A travers un guide managérial ultrapédagogique, Casino entend déconstruire les stéréotypes et vaincre les préjugés sur l’apparence. Témoignages d’Yves Desjacques, DRH de Casino, et de Mansour Zoberi, directeur de la diversité

 

Casino-demine-la-question-de-l-apparence-physique

Chaque jour, des remarques désobligeantes liées à l’apparence d’autrui fusent dans l’entreprise. « C’est une blonde » – sous entendue idiote -, « il est tatoué » – donc marginal et difficilement gérable -, « elle est obèse » – donc molle, etc. Formulées à la machine à café ou au détour d’un couloir, si ces jugements à l’emporte-pièce n’ont pas d’impact direct sur les carrières, « leur banalisation nuit au bien-vivre ensemble », lâche Yves Desjacques, directeur des ressources humaines de Casino. « Nous n’avons pas enregistré de réclamations liées à l’apparence physique », précise Mansour Zoberi, directeur de la promotion de la diversité et de la solidarité du groupe, « mais cela ne signifie pas que le sujet n’existe pas ».

Impact sur la carrière

Garant d’une politique de promotion de la diversité et de l’égalité des chances assumée et réaffirmée, le DRH estime qu’il est de sa responsabilité de rappeler le cadre de la loi et le nécessaire respect dû à chaque collaborateur : « De la même façon qu’il est interdit de voler, les propos jugés hors jeu, discriminatoires, les plaisanteries déplacées doivent être pointés et si besoin sanctionnés. »
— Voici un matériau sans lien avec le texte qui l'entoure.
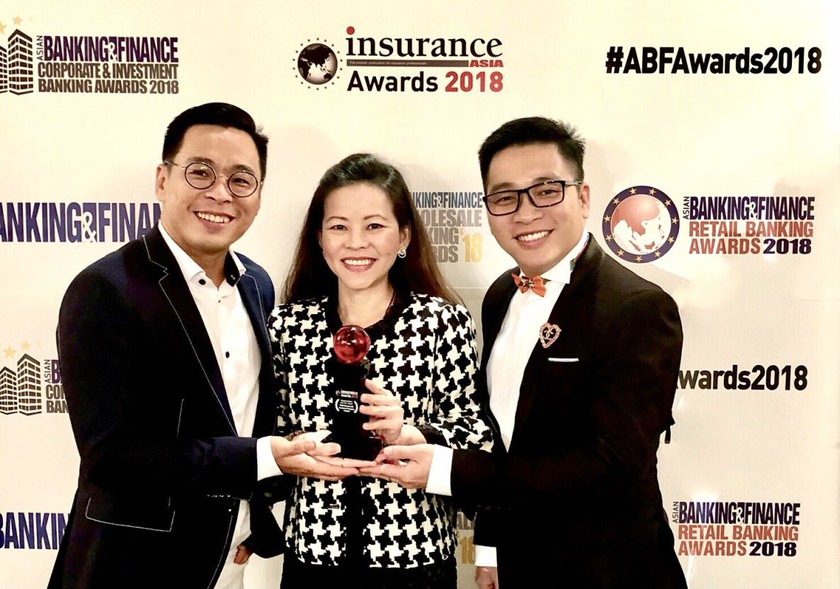Bà Vương Mỹ Phụng, Phó Tổng Giám đốc FWD Việt Nam chia sẻ niềm vui nhận giải thưởng tại Singapore với đội ngũ marketing của công ty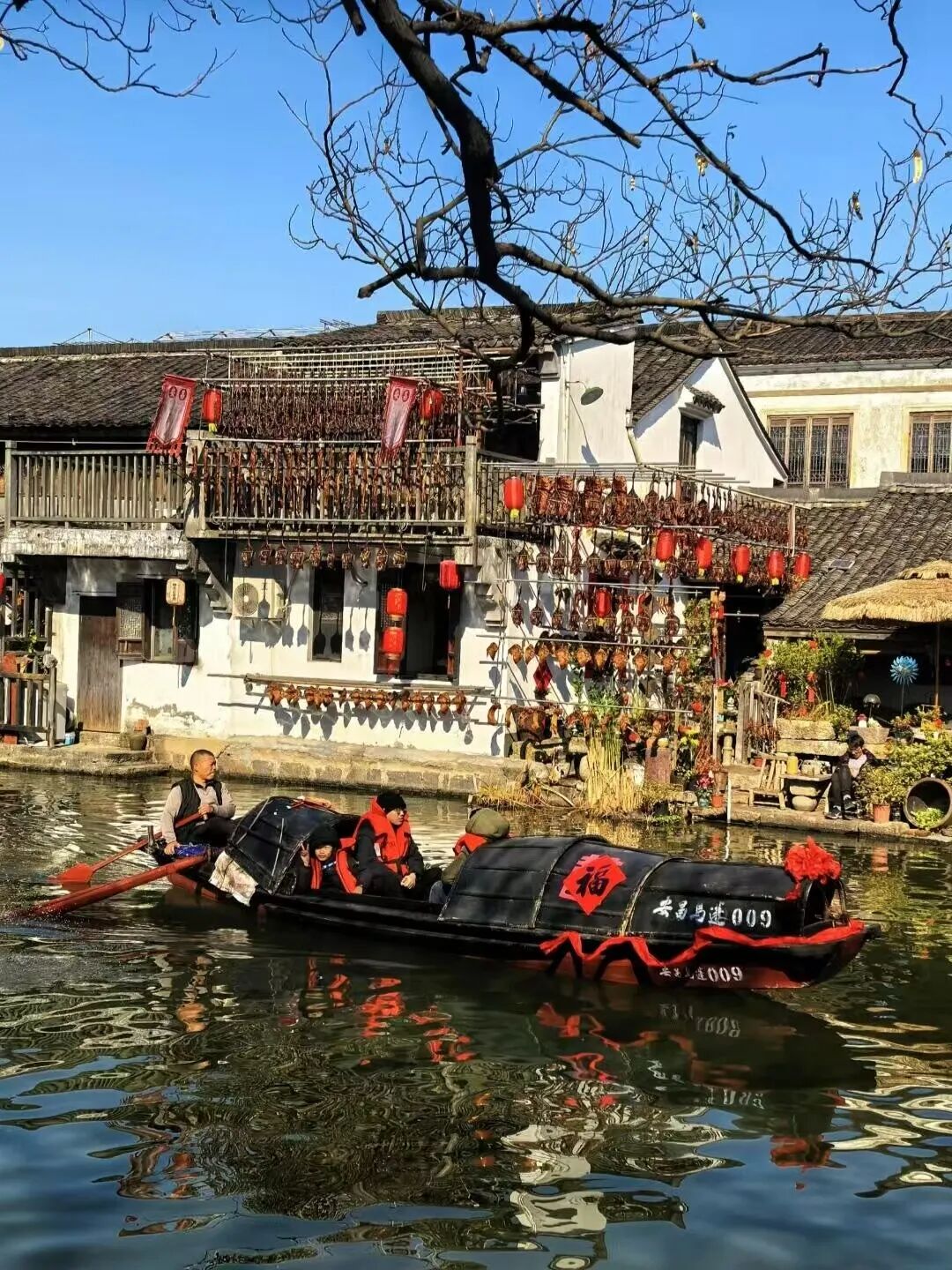 央视果然没骗人！江南最低调的小城，门票免费，年味最浓！安逸十足，超适合过年来躺平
Si ce guide managérial contient une « to do list » à destination des managers aux prises avec un recrutement délicat, leur rappelant notamment les formulations à éviter, la vocation de cet opus est plus large. « Ce livret répond à la juste perception de tous les salariés, conscients que leurs caractéristiques propres (poids, taille, physique, style vestimentaire, etc.) ont une incidence sur leur évolution professionnelle », révèle Yves Desjacques. A l’appui de ses dires, une enquête interne, menée auprès de 500 collaborateurs, qui a recensé toutes les situations vécues et intériorisées. Surprise, un problème d’acné, de dentition ou une dégradation physique est perçu comme une embûche potentielle à leur évaluation. « Par groupes de travail – qui ont associé collaborateurs, correspondants diversité, managers et experts d’IMS Entreprendre pour la Cité -, nous avons donc arbitré entre les sujets que nous allions développer dans le guide et le vocabulaire que nous allions choisir », précise Mansour Zoberi.
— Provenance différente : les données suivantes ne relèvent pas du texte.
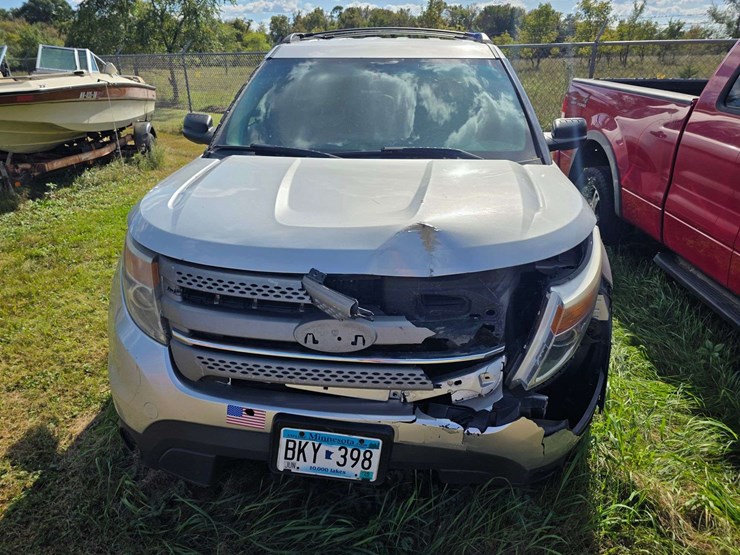 2015-ford-explorer-image-3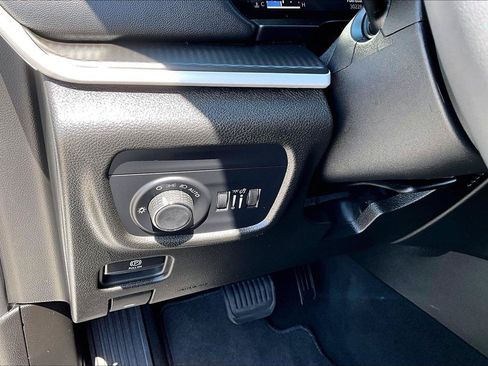 Used 2024 Jeep Grand Cherokee Altitude AWD/4WD image 36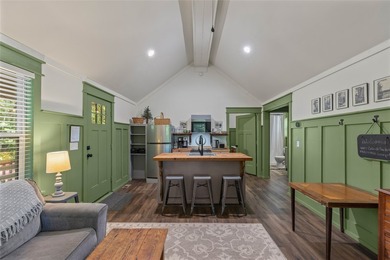Welcome to Bearfoot Cabin, a charming mountain retreat perched - photo 21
Illustré par le dessinateur Chéreau, le guide s’attarde ainsi longuement sur la définition des termes stéréotype et préjugé et liste les plus courants : la beauté assimilée à l’intelligence, le handicap associé à la lenteur, le poids trahissant un manque de volonté, etc. A l’aide de quelques chiffres, il démontre l’impact concret de ces discriminations. Exemple avec les femmes obèses, moins souvent recrutées que les autres, assignées à des tâches subalternes et subissant une « pénalité » salariale de 15 %. Mêmes conséquences pour les personnes jugées « laides ». « Les stéréotypes fonctionnent comme des filtres psychiques qui conduisent à négliger toute information contraire », insiste le livret qui cherche à éveiller les consciences.
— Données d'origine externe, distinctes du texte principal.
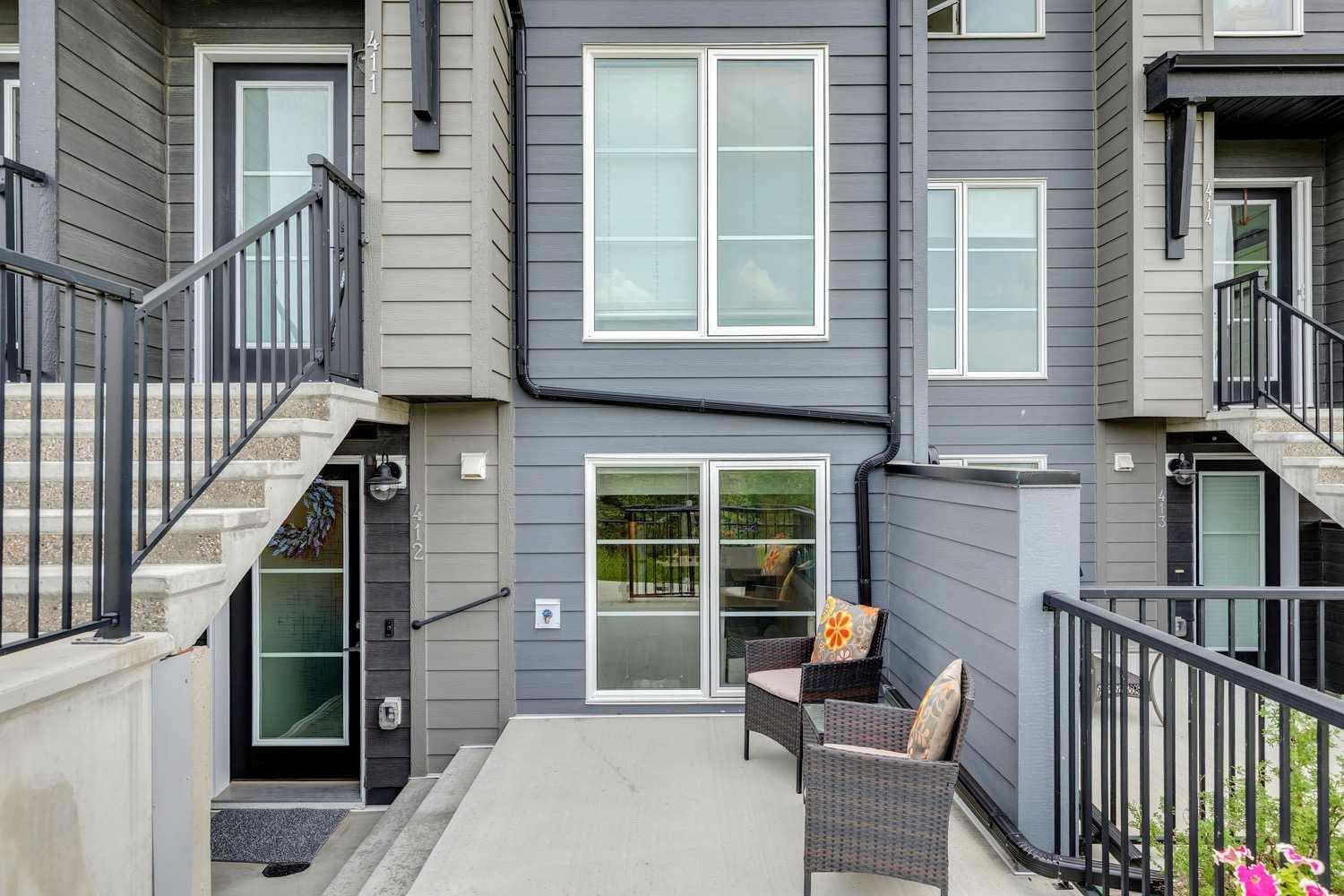 412, 260 Rowley Way NW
Distribué actuellement aux 5.000 managers du groupe, à charge pour eux de le commenter en réunion d’équipe, ce guide, sans équivalent, tombe à pic. « Avec la crise, le risque d’un relâchement sur les enjeux de la diversité ne doit pas être sous-estimé », constate Matthieu Riché, directeur de la RSE. Les chiffres du Défenseur des droits le confirment : lorsque les temps se font plus durs, les bonnes intentions en termes d’égalité reculent. « La promotion d’un management bienveillant nous a semblé nécessaire, car lorsque le stress augmente, la motivation baisse, c’est mécanique », observe Yves Desjacques.

Rappeler page après page que le collaborateur ne doit être apprécié qu’à travers ses seules aptitudes professionnelles présentait toutefois un risque, celui de surligner les manquements quotidiens des managers. Un argument qu’Yves Desjacques balaye d’un revers de main : « Il ne s’agit pas de pointer les déficiences managériales mais de faire comprendre que de l’apparence – autant que l’origine, le sexe, le handicap, l’orientation sexuelle ou les convictions religieuses – ne doivent en aucun cas filtrer le jugement. »

À noter
Casino n’en est pas à son coup d’essai sur les guides didactiques. Après « Gérer la diversité religieuse en entreprise » (2010), et « L’orientation sexuelle et l’identité de genre » (2013), le groupe a publié à strict usage interne « Promotion de la diversité » (2014).